Ask HN: Quarter-life crisis - amathew
	I'm 25 years old and have a master's degree in political science. During my first year of grad school, I was introduced to R, Python, and C, and began to learn programming. Since completing grad school, I've started a small business which provides data analysis and visualization consulting services to small businesses and political campaigns.I continue to program with R and Python, and hope to expand my knowledge to other languages in the near future. Ultimately, I use programming as a tool to examine large data sets. My goal is to be a data scientist, data engineer, or computational scientist.

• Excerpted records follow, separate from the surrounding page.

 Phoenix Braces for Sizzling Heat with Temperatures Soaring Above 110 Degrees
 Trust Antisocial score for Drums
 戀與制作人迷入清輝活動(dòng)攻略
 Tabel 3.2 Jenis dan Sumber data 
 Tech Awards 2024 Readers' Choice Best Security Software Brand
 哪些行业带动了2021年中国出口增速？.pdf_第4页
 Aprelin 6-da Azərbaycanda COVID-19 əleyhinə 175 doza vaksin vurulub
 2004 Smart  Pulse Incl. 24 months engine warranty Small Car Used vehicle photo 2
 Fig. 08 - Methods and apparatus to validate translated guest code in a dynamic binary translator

I'm just not happy with the skill set that I currently have and can't imagine teaching myself the knowledge that I need. Thus, I'm sort of having a quarter life crisis in the sense that I'm really not sure what I'm doing with my life, and don't know how to proceed.<p>Given my background, I'm wonder whether it would be beneficial to return to university for a second bachelors degree. That second degree would likely be computer engineering. Oviously, I'd love not to be a non-trad student or have loads of debt, but I don't really seem to have any other options at the moment.<p>Has anyone had a similar experiance? What would you reccoment?<p>Any suggestions would be greatly appreciated.<p>Thanks.
======
wallflower
A lot of questions - don't need to answer. Maybe they can jog your thinking...

What draws you to data visualization? Is it the sorcerer's apprentice type
visceral appeal of creating meaning out of seemingly entropic data? Or is it
you like the data visualization aspect more than the political
campaign/marketing of your business.

Reading between the lines, it seems you are comfortable (and doing fairly
well) bringing data visualization to small political campaigns - do you want
to expand that ambition? (e.g. in charge of real-time analytics for a large
political campaign). Or do you feel like you want to tell people at cocktail
parties that you are a data scientist? What would your dream job as a data
scientist be? Do you want to be in a position where your job is access to huge
data sets (Google, Facebook, Twitter) - for the ego and boasting of it? What
do you think of OKCupid's data analysis/data visualization blog on dating - do
you want to explore hypotheses and test them on large data sets? Is Edward
Tufte's book(s) a coffee table book or do you flip through it when you are
bored? You don't have his books? Did you want to enter the Netflix Prize
contest but felt you didn't have the skills to compete?

I've met some biostatisticians. It's hard to figure out what the heck they are
talking about - but they really do enjoy their job (providing quantifiable
evidence of drug efficacy).

I've also met some actuaries. They get paid a lot. It's a very secure career.
It's all numbers.

Some of the best visualizations are not that complex.

<http://twistori.com> <http://twittervision.com>

There is a $$ rather expensive test called the Kolbe test that you may
consider investing in taking - it goes way beyond Myers Briggs to pinpoint
your personal strengths and how you feel about them.

<http://www.kolbe.com>

------
bendmorris
Just curious, why did you do your master's in political science? Did you want
to be an analyst or something and later change your mind?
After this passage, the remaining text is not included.